● **The data**:
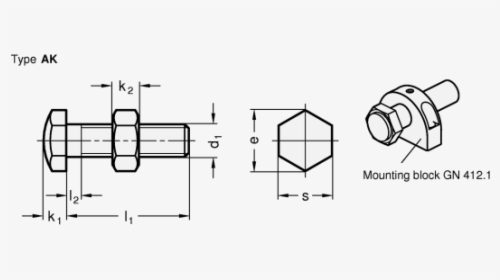 Nut And Bolt In Autocad, HD Png Download, Free Download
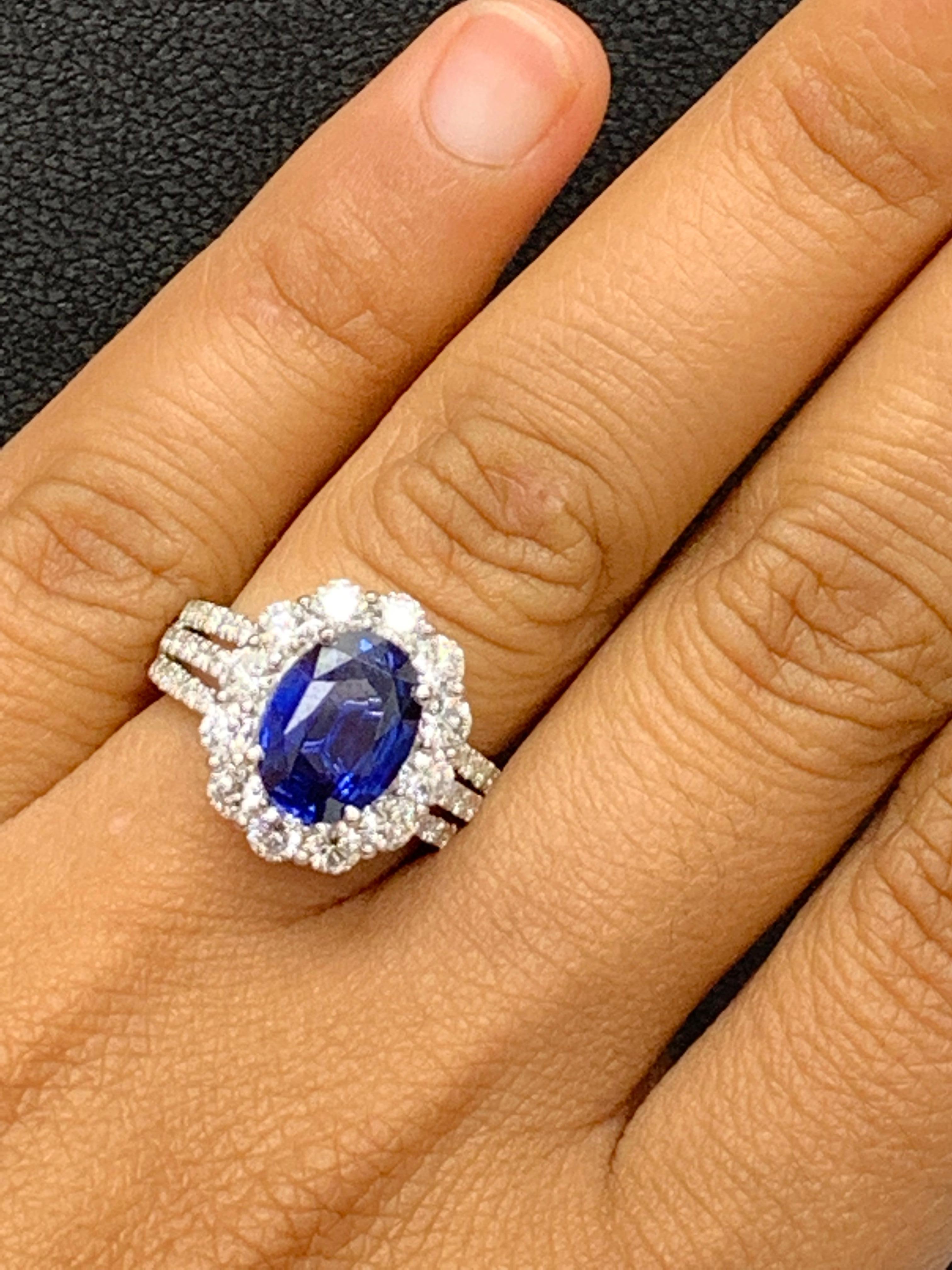 3.09 Carat Oval Shape Blue Sapphire and Diamond Flower Ring in 18K White Gold For Sale 2
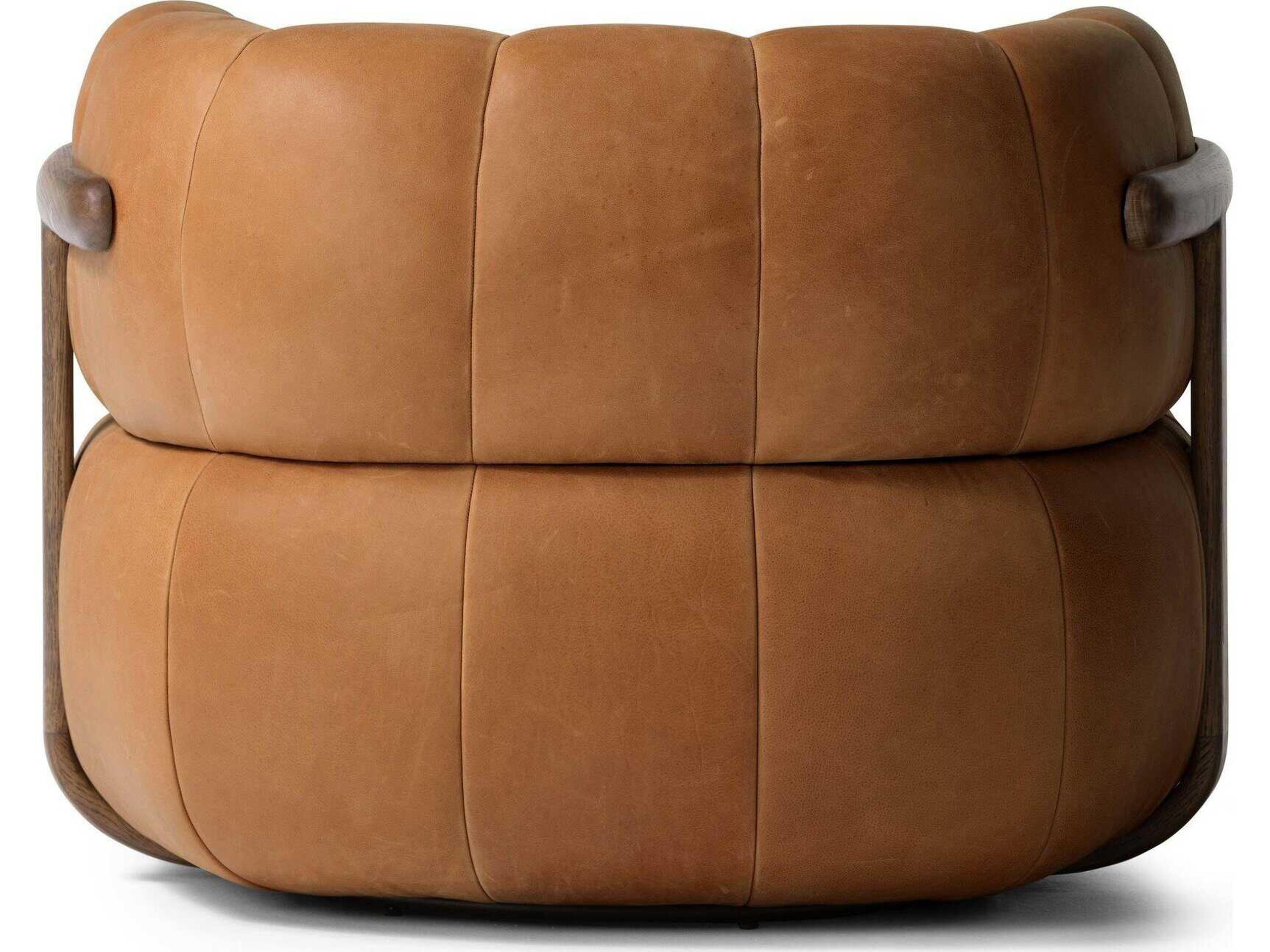 Four Hands Farrow Swivel Brown Leather Accent Chair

● **What is being asked**: Everything in the material except the pictures should be output verbatim.

● **Exercise answer**:
 Nut And Bolt In Autocad, HD Png Download, Free Download
 3.09 Carat Oval Shape Blue Sapphire and Diamond Flower Ring in 18K White Gold For Sale 2
 Four Hands Farrow Swivel Brown Leather Accent Chair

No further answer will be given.